The proposal now goes before the Board of Finance and then the Representative Town Meeting (which doesn’t meet until September) before the town can purchase the cameras and the more expensive digital storage and retrieval system for the videos.
“The heightened state of tension that now exists surrounding law enforcement has reached a level not seen in my 34 years as a police officer,” Police Chief Duane Lovello told the board in a prepared statement. “We have seen some horrible footage of police misconduct occurring from other parts of the country.”
- Police Chief’s Statement to Board of Selectmen in Support of Police Body Cameras (Aug. 8)
- Board of Selectmen May Approve Police Body Cameras Monday Night (with a Police Department Power Point presentation on the proposal; Aug. 7)
Darien TV79 announced it will have a full video of the Board of Selectman meeting posted on the Internet by Tuesday.
While Darien police are very professional, the chief said, and police in Connecticut are some of the best trained in the country, “a hallmark of any profession is a willingness to hold its work out for public scrutiny.”
The entire first year of funding may be paid for through a state grant that, if it’s implemented, would be available to Darien and other communities, Lovello said.

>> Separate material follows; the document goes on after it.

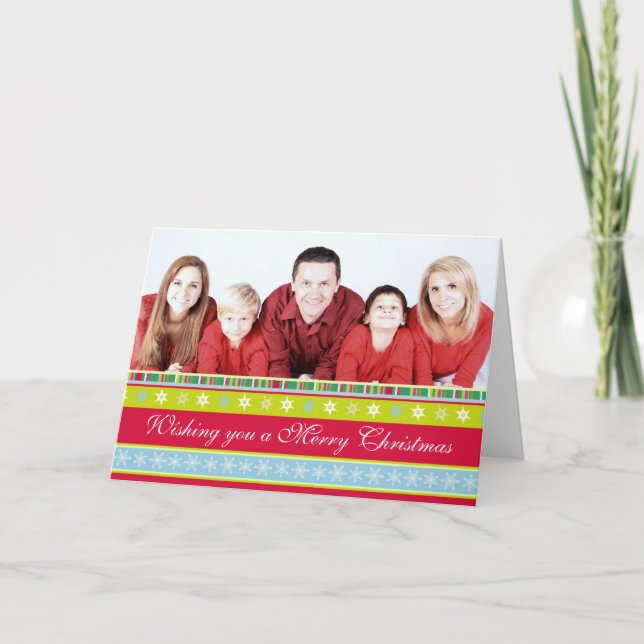 Tarjeta Festiva Navidades verdes rojos con motivos fotográficos fa (Anverso)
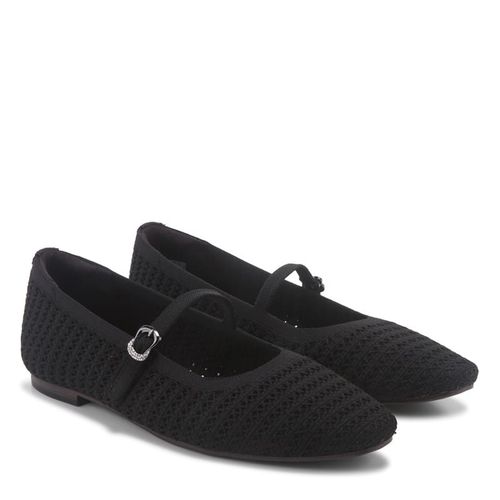 Women's Cleo Snip Knit Mary Jane Ballet Flat Shoes (Black Open Knit)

State officials have said the town is eligible for the grant, he said, but it isn’t certain that the grant program will be financed this fiscal year. A maximum of $15 million has been authorized for the program, but as Lovello understands it, state officials “have to reach a certain threshold” of proposed grant disbursements before a bonding proposal is brought before the state’s bonding authority.
A video (and audio) recording from a police officer’s body camera isn’t going to be a perfect record of an incident, Lovello said (an earlier Power Point presentation to the board gave a detailed explanation of that), but it will provide the police with more information and more accurate information for investigations.
When controversies about police conduct occur, he said, it will provide the public with more accurate information. For instance, police will be recording incidents much earlier than members of the public might start recording with their cell phones, he said.
The cost of the five-year program will be $64,500 a year for the second through fifth years. Two and a half years into the program, and again in the fifth year, the equipment will be upgraded with more modern technology that may then be available, Lovello said.
Lovello is now acting chairman of a state board of professionals who set statewide standards for police practices. He said body cameras for police officers is “evolving into best practices” for the profession.
Asked what the officers in the department think about body cameras, Lovello said that they’ve become much more popular. “I do think that the vast majority of the officers do see the advantage of having a camera on,” he said. Younger officers who tend to be more familiar with social media than older officers, are even more supportive of body cameras, he said.
First Selectman Jayme Stevenson asked whether or not the school resource officer at Darien High School, a police officer assigned to work in the school, would have a body camera. That officer would, Lovello said, but privacy concerns for students would need to be respected, so much of the time the camera would be off. A policy for that would be worked out with the superintendent of schools, he said.
Asked whether or not the police constables who work for the Tokeneke Association would need to wear body cameras, Lovello said that would have to be worked out with the leaders of the association.
Although the state grant is for departments that make wearing of body cameras almost universal among police officers, Lovello said he thought the constables working in Tokeneke were classified differently in state law, so that requirement would not apply to them.